I just looked again I don't have any boutiques in my state. Only 3 retailers and 2 are over an hour away.


----------



## solesman (Dec 3, 2009)

Interesting titbit from Robert Jan Broer of Fratello watches and Speedy Tuesday fame.










At 5000 pieces that's more than £41,000,000 

Sent from my iPhone using Tapatalk


----------



## Rafa ZC (Jul 23, 2014)

well... probably when he says even more refers to A LOT MORE.... more than 5,000 have been limited editions in the past of Omega.... I think they will run this for 2 years according to deman and then stop....

what you guys thinnk?


----------



## Rafa ZC (Jul 23, 2014)

wasnt the latest 007 seamster LE only 7007 watches


----------



## solesman (Dec 3, 2009)

Rafa ZC said:


> wasnt the latest 007 seamster LE only 7007 watches


Yep and according to boutique sources over 30,000 enquiries since it sold out. Makes sense why they've made a shift to the NTTD being a regular watch but with a slightly controlled production. They seem to trickle into the market which I guess helps keep the interest and demand up.

Sent from my iPhone using Tapatalk


----------



## Token19 (May 20, 2016)

Rafa ZC said:


> wasnt the latest 007 seamster LE only 7007 watches


Yep, spectre LE has 2 versions, the Seamaster 300 was 7,007 and trades above retail, the other one was like 15k pieces and didn't do as well.


----------



## Rafa ZC (Jul 23, 2014)

Token19 said:


> Yep, spectre LE has 2 versions, the Seamaster 300 was 7,007 and trades above retail, the other one was like 15k pieces and didn't do as well.

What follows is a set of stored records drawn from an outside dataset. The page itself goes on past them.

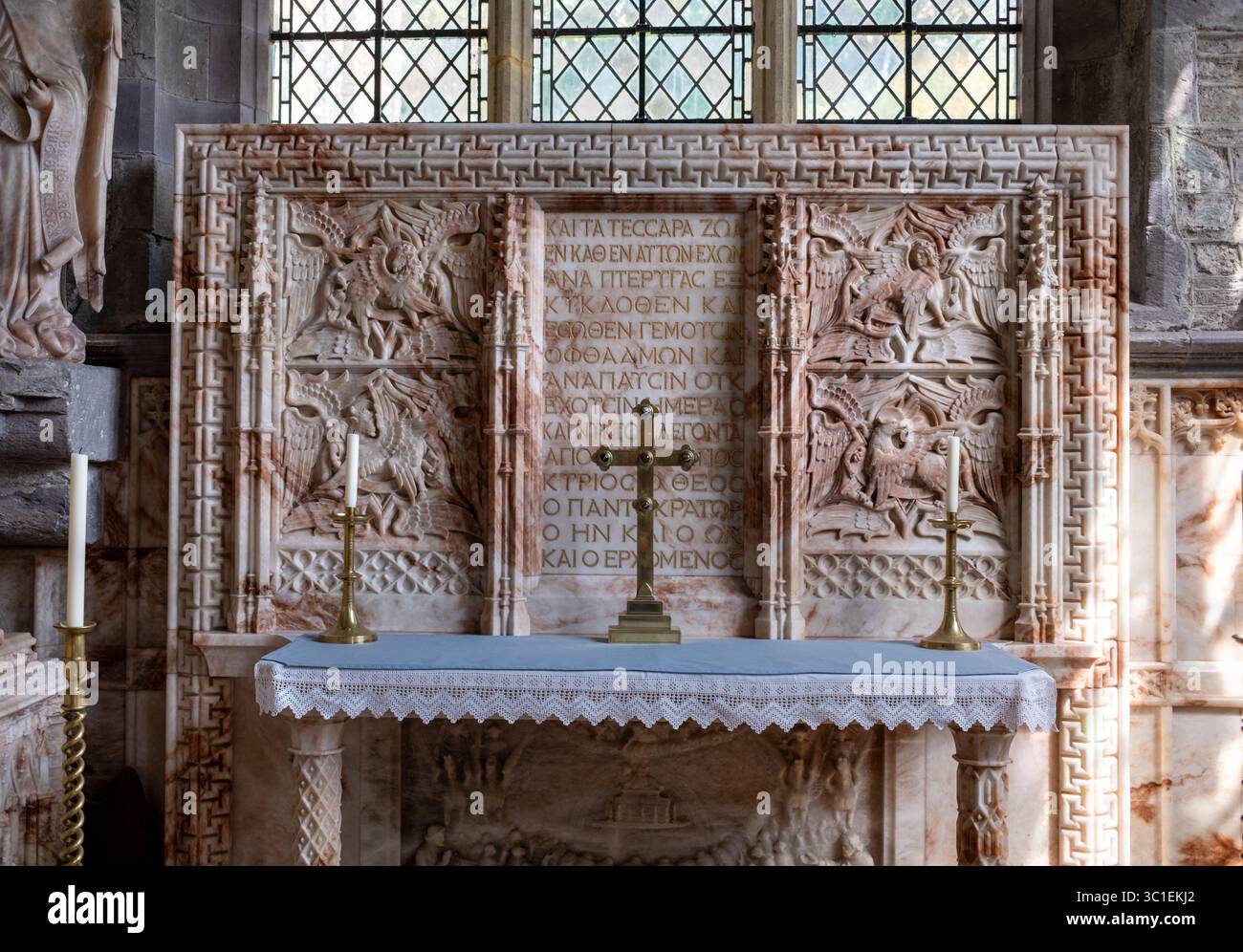 Chapelle Saint-Édouard le Confesseur dans la cathédrale TST Davids dans le Pembrokeshire West Wales UK Banque D'Images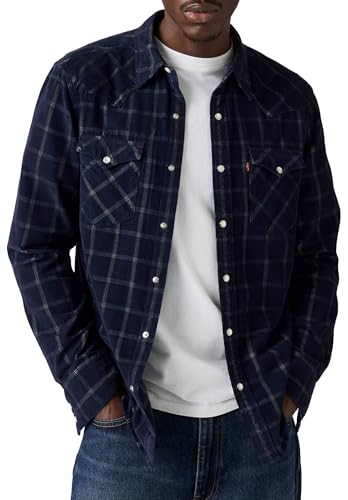 Image of Levi's Men's Solid Slim Fit Denim Shirt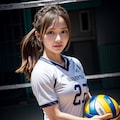 バレーボール女子 6枚目
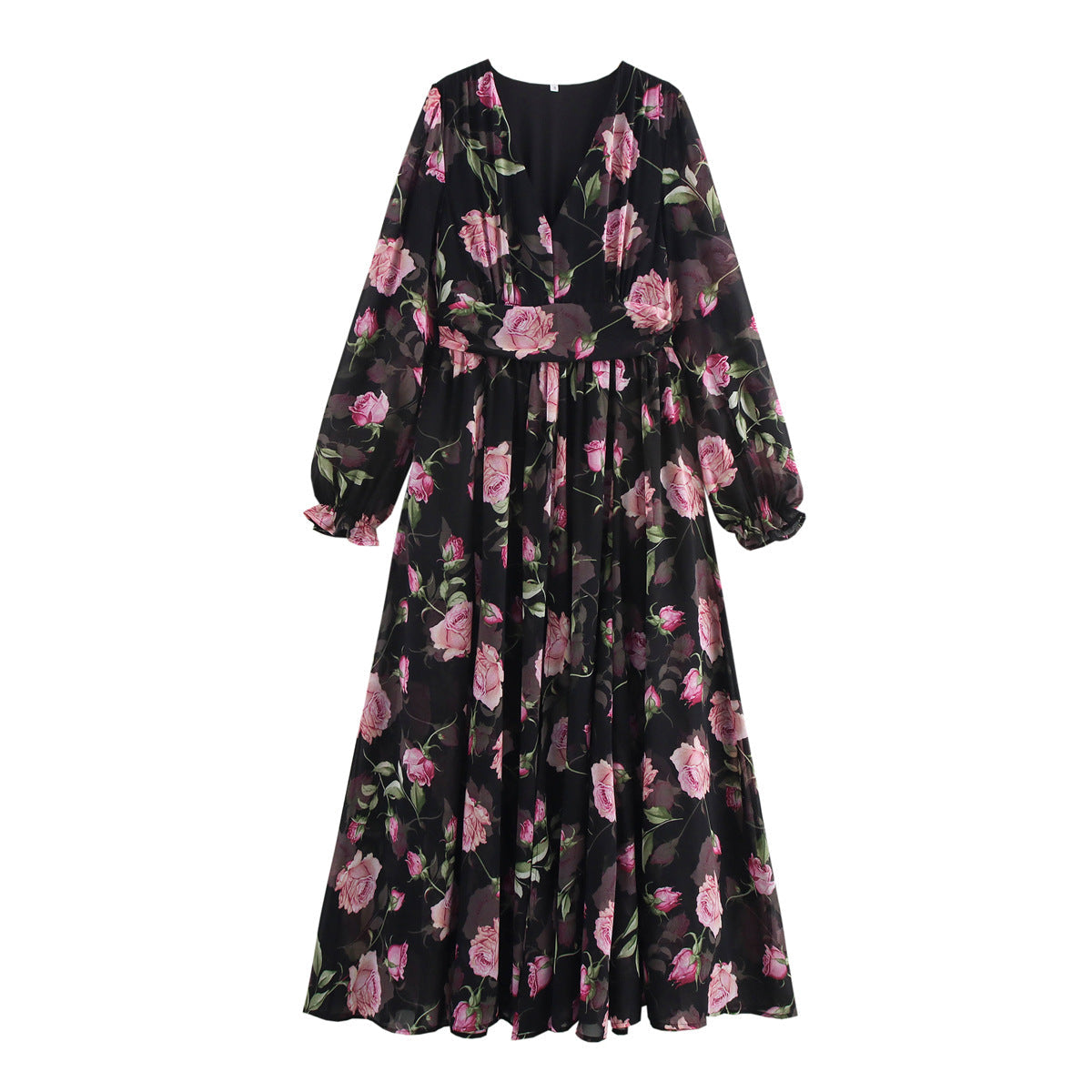 Women Casual Chiffon Printed Dress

so following that logic there should be at least 15K of a non limited ?


----------



## Rafa ZC (Jul 23, 2014)

solesman said:


> Yep and according to boutique sources over 30,000 enquiries since it sold out. Makes sense why they've made a shift to the NTTD being a regular watch but with a slightly controlled production. They seem to trickle into the market which I guess helps keep the interest and demand up.
> 
> Sent from my iPhone using Tapatalk


indeed... that sounds the right straetgy........ and we will never know how many reallty were make


----------



## Rafa ZC (Jul 23, 2014)

[email protected] said:


> I just looked again I don't have any boutiques in my state. Only 3 retailers and 2 are over an hour away.


tough!


----------



## neil92 (Sep 22, 2019)

I was told there's a waiting long list from day 1, not sure how that happens, but I get serious Rolex vibes(not in a good way). But I do really want to see that caseback in person.


----------



## Rafa ZC (Jul 23, 2014)

neil92 said:


> I was told there's a waiting long list from day 1, not sure how that happens, but I get serious Rolex vibes(not in a good way). But I do really want to see that caseback in person.

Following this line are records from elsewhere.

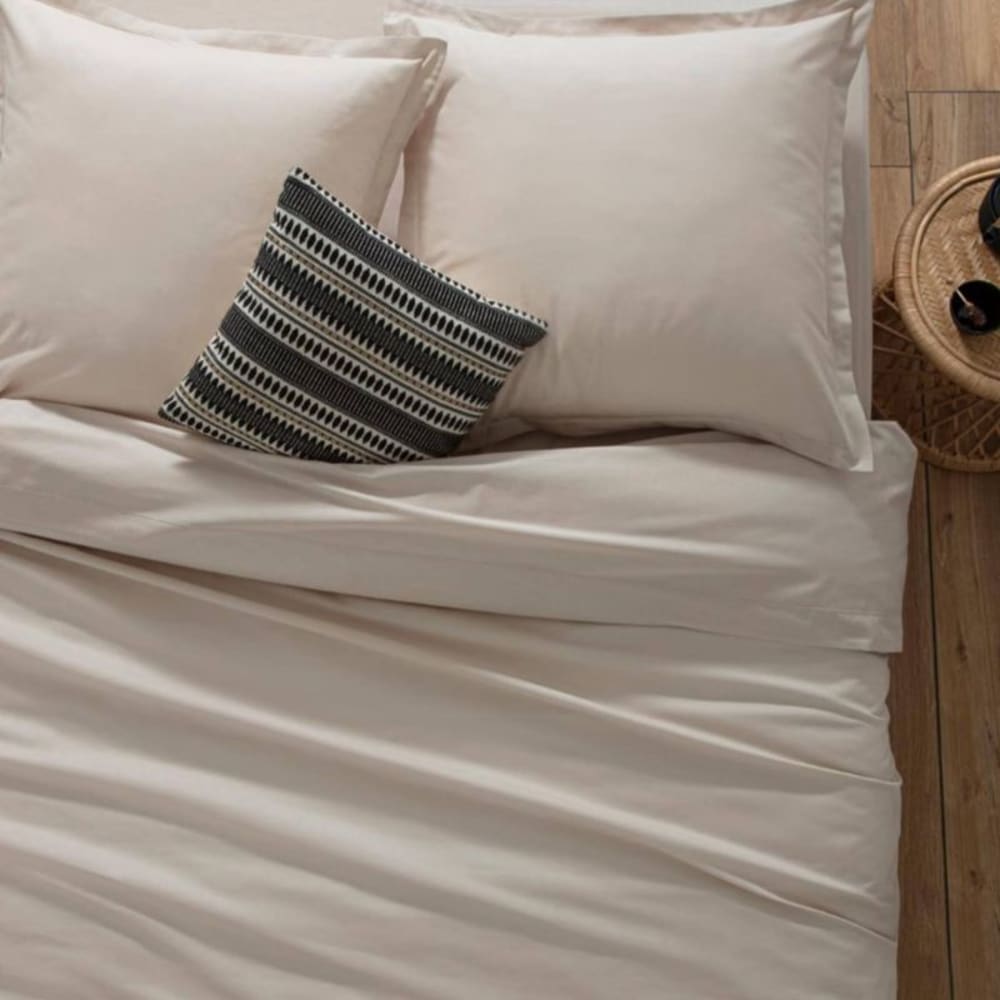 MueMue Bettbezug Baumwolle beige 90x190cm Baumwolle Baby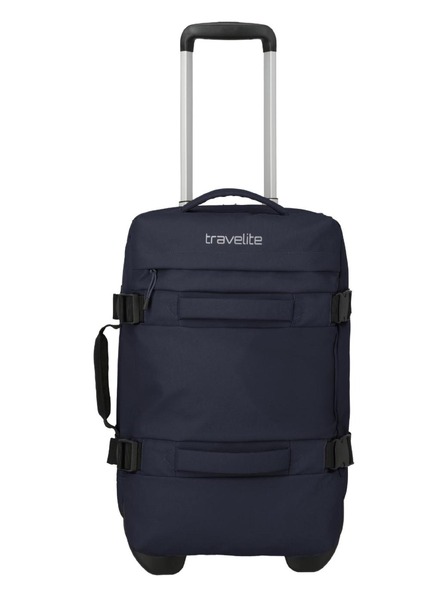 Travelite Travelite Bolonia na kolesih Duffle S Temno modra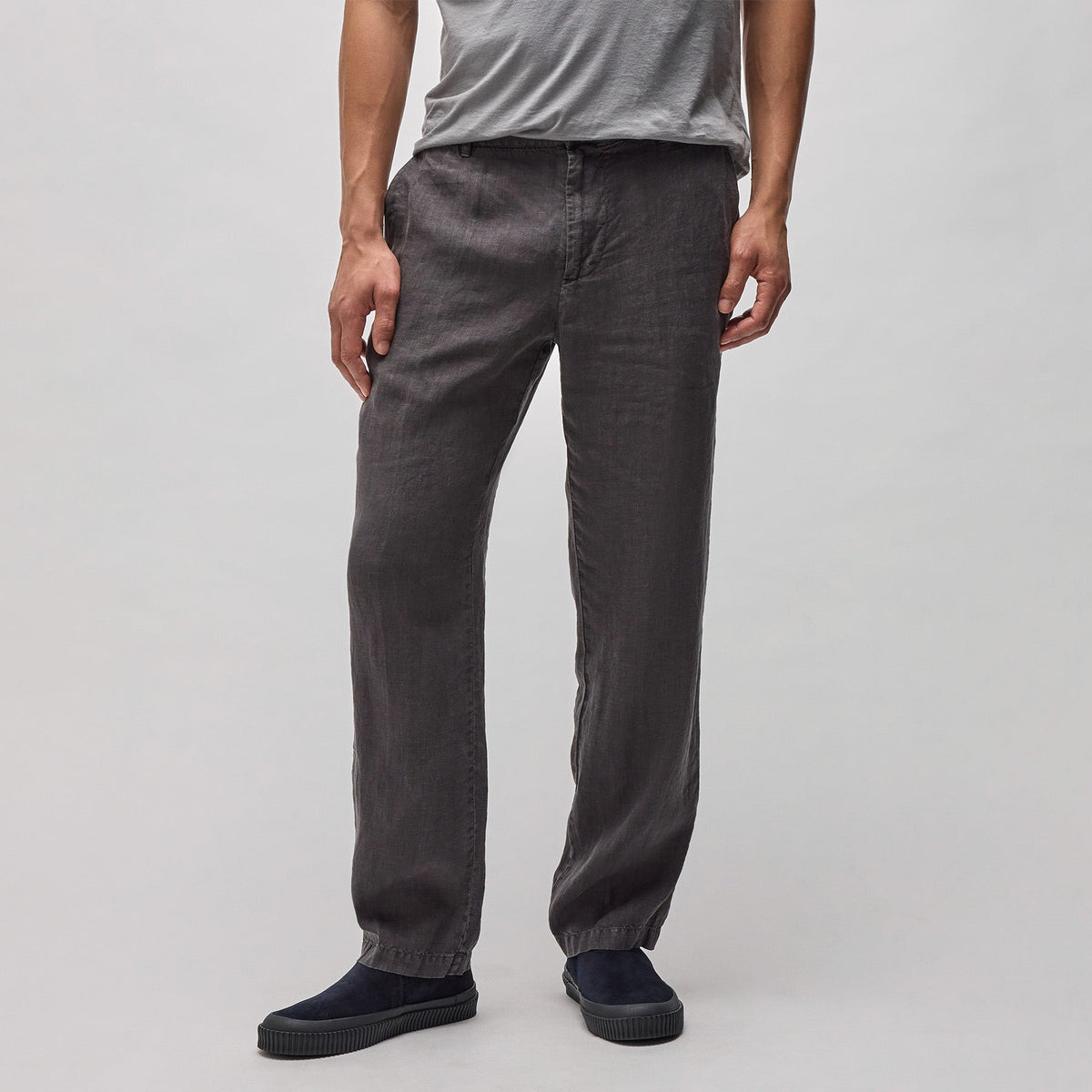 Garment Dyed Linen Pant in Magma Pigment | James Perse Los Angeles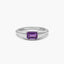 Anillo de plata 1ª ley amatista violeta BLOWN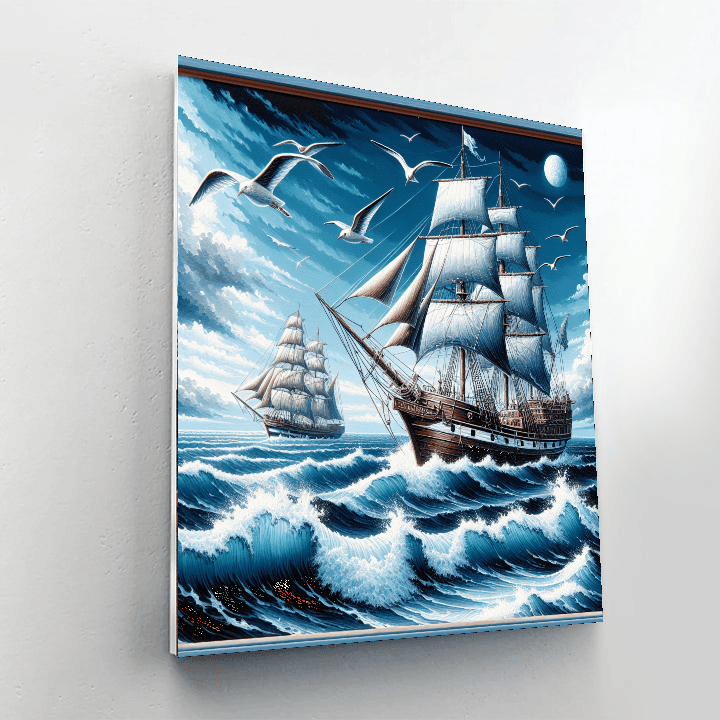 Timeless Nautical Adventure Number Painting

yes... after I pulled the trigger.. I am not sure as well if I would like the text 50th anniversay on the dial.. would have to see...
I am inn the waiting list in ADs but only one says they will only put in list if you put sa 1K deposit.... weird the difference inn trestment from different ADs in the same city


----------



## txhiaj007 (Mar 14, 2018)

Love the color combination of the snoopy. I dont know anything about the speedy, but does anybody think omega will release a regular speedy with this color combination and a white dial in place of the silver dial in the future?


----------



## Rafa ZC (Jul 23, 2014)

the combo is nnice and on trend.. dont think will come as a mainn product but parr of limited editions.. or more special watches... soemthing maybne in the linne of dark side of the moon


----------



## savio.79 (May 14, 2015)

This one, blue, is really beautiful.


----------



## yonexsp (Mar 29, 2018)

Are there any in the wild yet?


----------



## mykii (Oct 22, 2010)

yonexsp said:


> Are there any in the wild yet?


Fratello watches guy has one. But that was likely a gift from Omega, or a special allocation. Otherwise, no.


----------



## hkginlax (Aug 29, 2010)

mykii said:


> Fratello watches guy has one. But that was likely a gift from Omega, or a special allocation. Otherwise, no.


His unit marked "NOT FOR SALE" at the back (where the S/N normally is), so I will guess that was also a loaner demo. Can't wait for Omega to actually ship the real thing, also wondering how long will it take to get to my term.


----------



## mykii (Oct 22, 2010)

hkginlax said:


> His unit marked "NOT FOR SALE" at the back (where the S/N normally is), so I will guess that was also a loaner demo. Can't wait for Omega to actually ship the real thing, also wondering how to long will it take to get to my term.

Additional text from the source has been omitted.